Why private members of base class object still get assigned from derived one?

Question

In the following code, Circle is a public inheritance of Point, in which the private members x, y of Point is inaccessible. But while assigning Circle c to Point p, I found p can actually get the right value for x and y. Why is this happening?

#include<iostream>
using namespace std;
class Point {
public: Point(float x = 0, float y = 0);
        void display();
private:
    float x, y;
};
Point::Point(float a, float b)
{
    x = a; y = b;
}
void Point::display() {
    cout << x <<'\t'<< y << endl;
}
class Circle :public Point
{
public: Circle(float x = 0, float y = 0, float r = 0);
private:
    float radius;
};
Circle::Circle(float a, float b, float r) :Point(a, b), radius(r) {}

int main()
{
    Circle c(10, 10, 15);
    Point p = c;
    p.display();
    return 0;
}

with the output:

10    10

Answer 1

Circle::Circle(float a, float b, float r) :Point(a, b), radius(r) {}

Circle derives from Point, so in the Circle constructor line above when you call:

Point(a, b)

It is initializing the base class Point with the passed in values a and b, who's constructor assigns them to x and y.

Answer 2

You do not have access to variables x and y, because they are private.
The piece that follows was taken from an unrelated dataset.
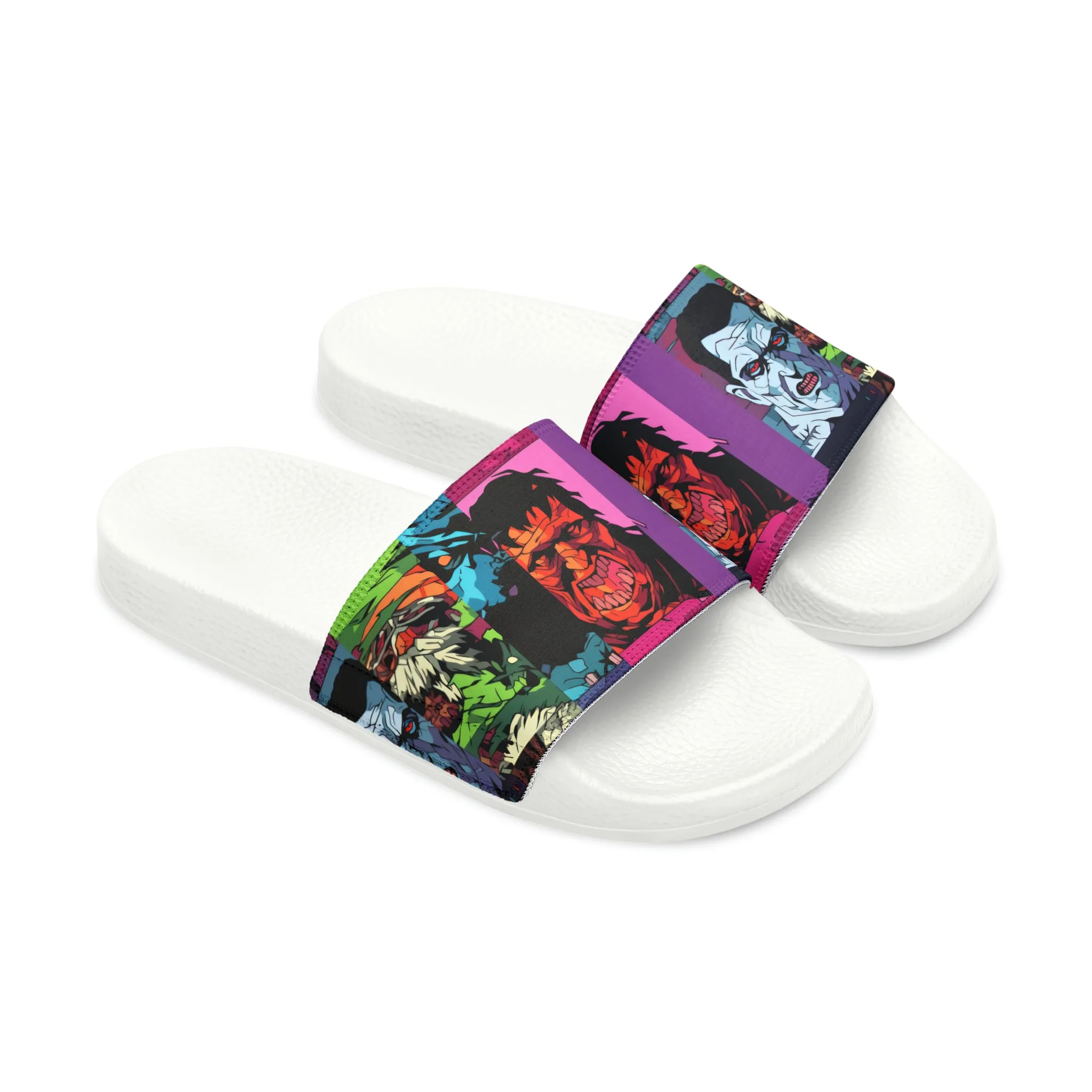 Women's Slide Sandals - Spooky Monsters Anime Beta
But you have access to public method display(). display() is public method of class Point and have access to private variables.

In other words you can call the method display(), but can not directly access the private variables x and y.

Answer 3

Line Point p = c; casts Circle object to Point (actually, slices the object to Point) and invokes default assignment operator for Point class. Default assignment operator copies all values (and private data too) to new object.

see more Copy constructors, assignment operators, and exception safe assignment

Answer 4

You can't access private members via Derived class , When you call display() function (which belongs to Point class ) it can show x and y . When you assume Point p = c and invoking p.display() it still invoking Pointer class's method. Because Circle can see her parents' display() method. Make your display() method private and Circle can't invoke it.

Answer 5

The Point members are accessible "within" the Point subobject of a Circle.

Since you didn't define a copy constructor for Point, copying a Point behaves like this:

Point(const Point& p) : x(p.x), y(p.y) {}

and since Circle inherits from Point, c can be converted to const Point&, and thus Point p = c; copies the Point subobject of c.
This is known as "object slicing".

(On an unrelated note, "a circle is a kind of point" is a strange relationship.)

Answer 6

On this line

Point p = c;

You are calling copy constructor of Point:

Point::Point(const Point& p)

And because you can create reference to Base class from Derived class, your code is equivalent to:

Point &ref = c;
Point p = ref;

Now p will contain copy of Point part of Circle.

And because you initialized Point part of Circle object in Circle constructor like this:

Circle::Circle(float a, float b, float r) :Point(a, b), radius(r) {}

Point(a,b) constructor is called, which will initialize Point part of Circle with paramteters a and b.